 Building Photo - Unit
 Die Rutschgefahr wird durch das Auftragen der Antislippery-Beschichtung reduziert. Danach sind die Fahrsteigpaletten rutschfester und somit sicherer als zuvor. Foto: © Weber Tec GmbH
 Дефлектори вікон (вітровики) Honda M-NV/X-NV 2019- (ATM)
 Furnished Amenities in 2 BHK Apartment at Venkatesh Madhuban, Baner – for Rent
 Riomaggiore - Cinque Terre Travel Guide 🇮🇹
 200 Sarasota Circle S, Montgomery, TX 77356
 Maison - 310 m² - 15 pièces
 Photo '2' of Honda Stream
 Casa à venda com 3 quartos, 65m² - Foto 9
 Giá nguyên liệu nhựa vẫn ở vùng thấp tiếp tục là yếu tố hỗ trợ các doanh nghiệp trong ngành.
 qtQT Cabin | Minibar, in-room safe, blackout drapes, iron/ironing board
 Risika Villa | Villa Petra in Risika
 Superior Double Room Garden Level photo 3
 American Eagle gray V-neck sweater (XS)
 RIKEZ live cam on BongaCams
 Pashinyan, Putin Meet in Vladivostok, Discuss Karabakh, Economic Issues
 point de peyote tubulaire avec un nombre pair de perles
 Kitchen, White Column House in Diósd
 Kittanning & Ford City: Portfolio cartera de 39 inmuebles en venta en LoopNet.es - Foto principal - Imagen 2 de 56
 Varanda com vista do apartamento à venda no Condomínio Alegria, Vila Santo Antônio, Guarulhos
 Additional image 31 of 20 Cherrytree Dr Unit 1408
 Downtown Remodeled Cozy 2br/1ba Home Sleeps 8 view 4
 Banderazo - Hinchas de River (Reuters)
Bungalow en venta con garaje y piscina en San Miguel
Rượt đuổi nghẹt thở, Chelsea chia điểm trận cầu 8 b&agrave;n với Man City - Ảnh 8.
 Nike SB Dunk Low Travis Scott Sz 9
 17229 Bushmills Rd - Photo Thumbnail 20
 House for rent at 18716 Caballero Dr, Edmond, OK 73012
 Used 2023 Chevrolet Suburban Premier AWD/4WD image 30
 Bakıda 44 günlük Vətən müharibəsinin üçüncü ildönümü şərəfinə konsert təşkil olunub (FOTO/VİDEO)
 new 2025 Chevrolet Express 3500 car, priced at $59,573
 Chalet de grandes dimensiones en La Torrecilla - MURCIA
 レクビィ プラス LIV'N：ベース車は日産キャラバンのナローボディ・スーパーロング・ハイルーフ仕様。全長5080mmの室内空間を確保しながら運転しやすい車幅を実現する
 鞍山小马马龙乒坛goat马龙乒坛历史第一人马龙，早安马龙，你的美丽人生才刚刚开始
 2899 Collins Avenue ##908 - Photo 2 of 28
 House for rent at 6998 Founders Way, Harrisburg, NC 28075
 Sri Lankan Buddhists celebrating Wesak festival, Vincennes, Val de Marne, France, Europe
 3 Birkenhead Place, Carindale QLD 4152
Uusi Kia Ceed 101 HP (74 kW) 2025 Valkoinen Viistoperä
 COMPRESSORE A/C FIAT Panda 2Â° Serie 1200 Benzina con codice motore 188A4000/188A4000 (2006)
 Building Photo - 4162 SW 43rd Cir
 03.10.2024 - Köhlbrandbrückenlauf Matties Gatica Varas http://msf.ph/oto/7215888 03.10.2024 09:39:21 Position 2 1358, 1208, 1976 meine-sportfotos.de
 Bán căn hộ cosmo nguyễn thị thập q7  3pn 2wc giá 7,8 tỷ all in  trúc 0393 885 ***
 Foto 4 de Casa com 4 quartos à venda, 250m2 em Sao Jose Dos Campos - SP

-----

• What the task requires
Each record above should be given again exactly as it appears.

• Output for this exercise
 Building Photo - Unit
 Die Rutschgefahr wird durch das Auftragen der Antislippery-Beschichtung reduziert. Danach sind die Fahrsteigpaletten rutschfester und somit sicherer als zuvor. Foto: © Weber Tec GmbH
 Дефлектори вікон (вітровики) Honda M-NV/X-NV 2019- (ATM)
 Furnished Amenities in 2 BHK Apartment at Venkatesh Madhuban, Baner – for Rent
 Riomaggiore - Cinque Terre Travel Guide 🇮🇹
 200 Sarasota Circle S, Montgomery, TX 77356
 Maison - 310 m² - 15 pièces
 Photo '2' of Honda Stream
 Casa à venda com 3 quartos, 65m² - Foto 9
 Giá nguyên liệu nhựa vẫn ở vùng thấp tiếp tục là yếu tố hỗ trợ các doanh nghiệp trong ngành.
 qtQT Cabin | Minibar, in-room safe, blackout drapes, iron/ironing board
 Risika Villa | Villa Petra in Risika
 Superior Double Room Garden Level photo 3
 American Eagle gray V-neck sweater (XS)
 RIKEZ live cam on BongaCams
 Pashinyan, Putin Meet in Vladivostok, Discuss Karabakh, Economic Issues
 point de peyote tubulaire avec un nombre pair de perles
 Kitchen, White Column House in Diósd
 Kittanning & Ford City: Portfolio cartera de 39 inmuebles en venta en LoopNet.es - Foto principal - Imagen 2 de 56
 Varanda com vista do apartamento à venda no Condomínio Alegria, Vila Santo Antônio, Guarulhos
 Additional image 31 of 20 Cherrytree Dr Unit 1408
 Downtown Remodeled Cozy 2br/1ba Home Sleeps 8 view 4
 Banderazo - Hinchas de River (Reuters)
Bungalow en venta con garaje y piscina en San Miguel
Rượt đuổi nghẹt thở, Chelsea chia điểm trận cầu 8 b&agrave;n với Man City - Ảnh 8.
 Nike SB Dunk Low Travis Scott Sz 9
 17229 Bushmills Rd - Photo Thumbnail 20
 House for rent at 18716 Caballero Dr, Edmond, OK 73012
 Used 2023 Chevrolet Suburban Premier AWD/4WD image 30
 Bakıda 44 günlük Vətən müharibəsinin üçüncü ildönümü şərəfinə konsert təşkil olunub (FOTO/VİDEO)
 new 2025 Chevrolet Express 3500 car, priced at $59,573
 Chalet de grandes dimensiones en La Torrecilla - MURCIA
 レクビィ プラス LIV'N：ベース車は日産キャラバンのナローボディ・スーパーロング・ハイルーフ仕様。全長5080mmの室内空間を確保しながら運転しやすい車幅を実現する
 鞍山小马马龙乒坛goat马龙乒坛历史第一人马龙，早安马龙，你的美丽人生才刚刚开始
 2899 Collins Avenue ##908 - Photo 2 of 28
 House for rent at 6998 Founders Way, Harrisburg, NC 28075
 Sri Lankan Buddhists celebrating Wesak festival, Vincennes, Val de Marne, France, Europe
 3 Birkenhead Place, Carindale QLD 4152
Uusi Kia Ceed 101 HP (74 kW) 2025 Valkoinen Viistoperä
 COMPRESSORE A/C FIAT Panda 2Â° Serie 1200 Benzina con codice motore 188A4000/188A4000 (2006)
 Building Photo - 4162 SW 43rd Cir
 03.10.2024 - Köhlbrandbrückenlauf Matties Gatica Varas http://msf.ph/oto/7215888 03.10.2024 09:39:21 Position 2 1358, 1208, 1976 meine-sportfotos.de
 Bán căn hộ cosmo nguyễn thị thập q7  3pn 2wc giá 7,8 tỷ all in  trúc 0393 885 ***
 Foto 4 de Casa com 4 quartos à venda, 250m2 em Sao Jose Dos Campos - SP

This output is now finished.